From Hardcoded Protocols to Declarative Ones: Inside Ahoy's Multiagent Bet
A multiagent system from a pair of university labs makes a specific architectural bet: instead of hardcoding agent coordination into each protocol, it pushes that work into a declarative layer the LLM selects and enacts at runtime — trading explicit control for flexibility, and paying for that flexibility with a narrower evaluation surface than the paper itself reveals.
The contribution is documented in a freshly posted preprint, Ahoy: LLMs Enacting Multiagent Interaction Protocols, authored by Omkar Joshi of North Carolina State University, Munindar P. Singh of Lancaster University, and Amit K. Chopra. The paper has been accepted to EMAS 2026, the Engineering Multi-Agent Systems workshop — a peer-reviewed venue, but a workshop-tier one, and worth keeping in mind when sizing up the result.
The architectural bet
Multiagent systems typically encode coordination one protocol at a time: an engineer writes the message exchanges for a buyer–seller interaction, the rules for an auction, the steps of a supply chain. Each protocol is its own code path. The Ahoy paper, as posted on arXiv, proposes a different design: describe the protocol declaratively, hand it to an LLM, and let the model pick which role to play and which messages to send.

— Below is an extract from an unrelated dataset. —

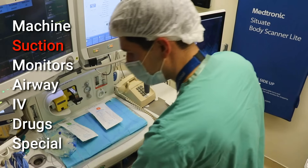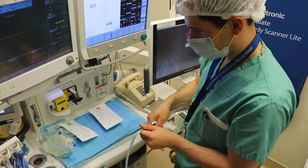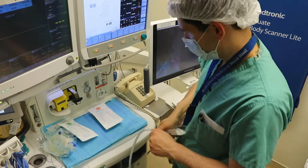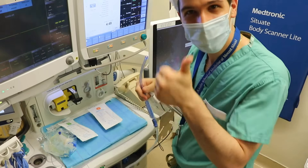Next up is S for suction, which is a simple and quick part of the setup but definitely not to be overlooked. They say the two most important things to save somebody's life are suction and an Ambu bag, which I'll get to soon. The suction works.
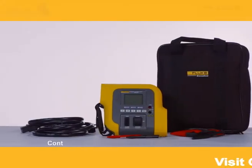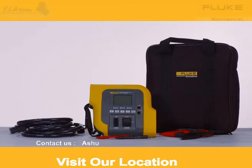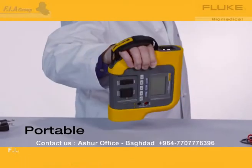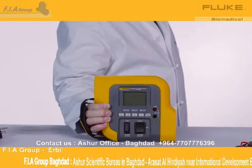Introducing the Fluke Biomedical ESA-609 Electrical Safety Analyzer. It's portable, durable, and easy to use. You'll quickly notice the size of this analyzer. With the weight of only a pound and a half and a convenient hand strap, it's one of the most portable analyzers in its class.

Underneath sits BSPL — the Blindingly Simple Protocol Language, a declarative formalism whose parameter adornments (in, out, nil) enforce information causality. Around it sits Kiko, a Python adapter that exposes "forms" — the enabled message templates a decision-maker is allowed to fire at any moment. Ahoy wires these together through three modules described in the paper: a Role Selection Module that configures the Kiko adapter for a given multiagent system and maps user input to a user goal; a Prompt Builder Module that extracts local state and formats it into a structured LLM input; and an LLM Access Function that calls the model to reason about which messages to send and how to bind parameters.
The bet is that the cost of letting the LLM interpret the protocol at runtime is worth paying if it eliminates per-protocol programming. The paper frames this as a convergence of two knowledge-engineering traditions — declarative protocols and LLMs — into a single runtime decision.
Concurrent enactment, as a consequence
The capability that draws the most attention is concurrent enactment: a single Ahoy agent can adopt and play roles across multiple protocols in the same run, sequentially or concurrently, without specialized training for the protocol-enactment step. In the paper's own framing, that property is a consequence of the architectural move, not a stand-alone feature. If coordination lives in a declarative layer the agent selects at runtime, mixing protocols is no longer a special case — it falls out of the design.
The worked example in the paper is a Purchase protocol — buyer, seller, shipper — with the familiar sequence: request for quote, quote, accept or reject, ship, deliver, completed. Ahoy's Kiko adapter surfaces the legal next messages; the LLM picks. Replace that protocol with another BSPL specification, and the same machinery runs.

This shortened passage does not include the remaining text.